--- Recorded data ---

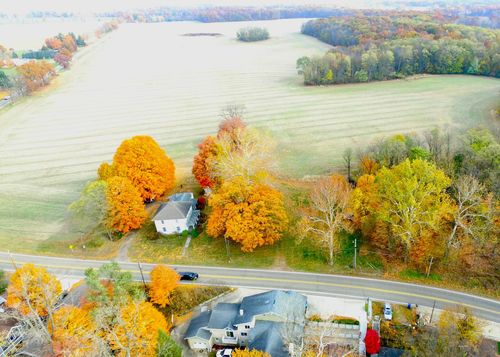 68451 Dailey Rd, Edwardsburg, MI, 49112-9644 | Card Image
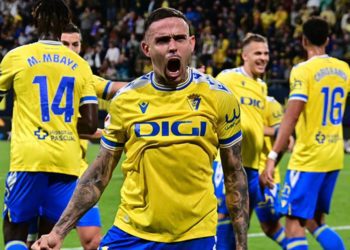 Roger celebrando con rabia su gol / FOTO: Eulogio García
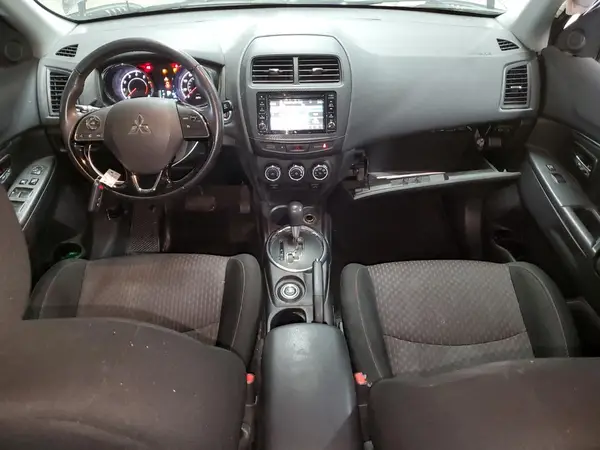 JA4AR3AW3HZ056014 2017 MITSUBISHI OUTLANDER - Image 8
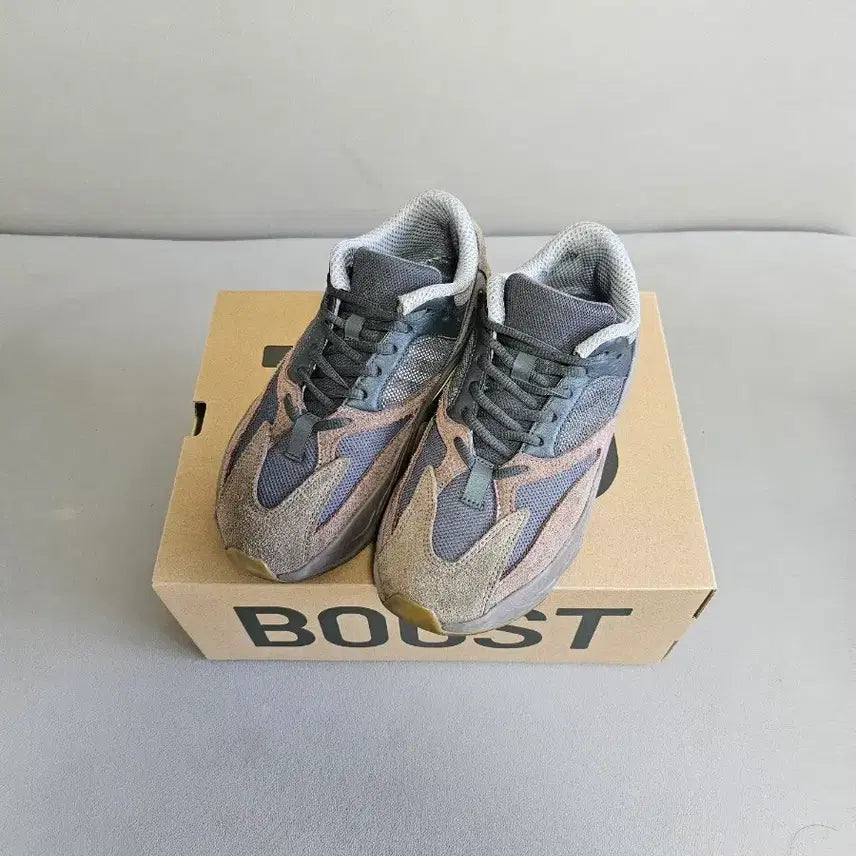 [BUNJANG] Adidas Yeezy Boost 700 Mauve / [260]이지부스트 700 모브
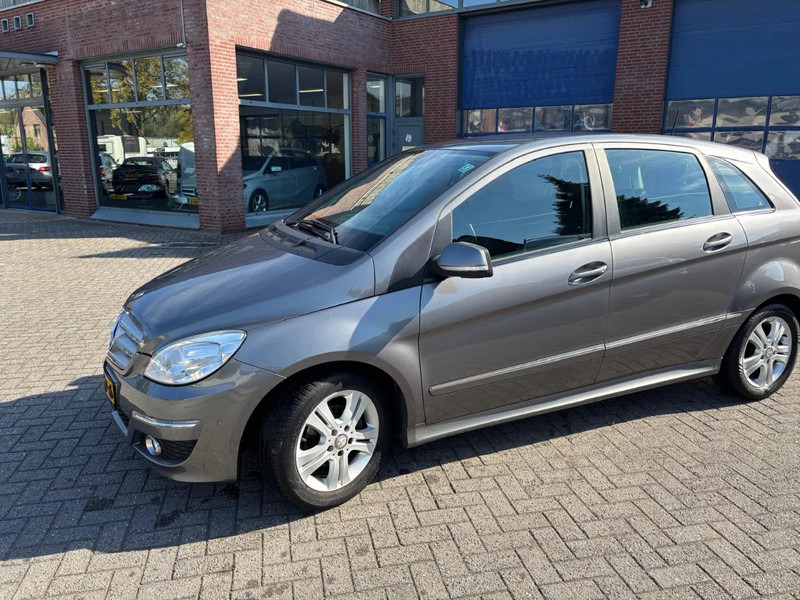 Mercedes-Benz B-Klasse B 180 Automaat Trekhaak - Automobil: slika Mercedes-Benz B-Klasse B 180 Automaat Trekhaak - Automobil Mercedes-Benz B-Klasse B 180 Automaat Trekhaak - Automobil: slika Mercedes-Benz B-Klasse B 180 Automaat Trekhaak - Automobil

---

Task details:
Copy out exactly the lines that run from the line containing "[BUNJANG] Adidas Yeezy" through the last line of the material, and nothing more; omit the pictures.

Response for this exercise:
 [BUNJANG] Adidas Yeezy Boost 700 Mauve / [260]이지부스트 700 모브
 Mercedes-Benz B-Klasse B 180 Automaat Trekhaak - Automobil: slika Mercedes-Benz B-Klasse B 180 Automaat Trekhaak - Automobil Mercedes-Benz B-Klasse B 180 Automaat Trekhaak - Automobil: slika Mercedes-Benz B-Klasse B 180 Automaat Trekhaak - Automobil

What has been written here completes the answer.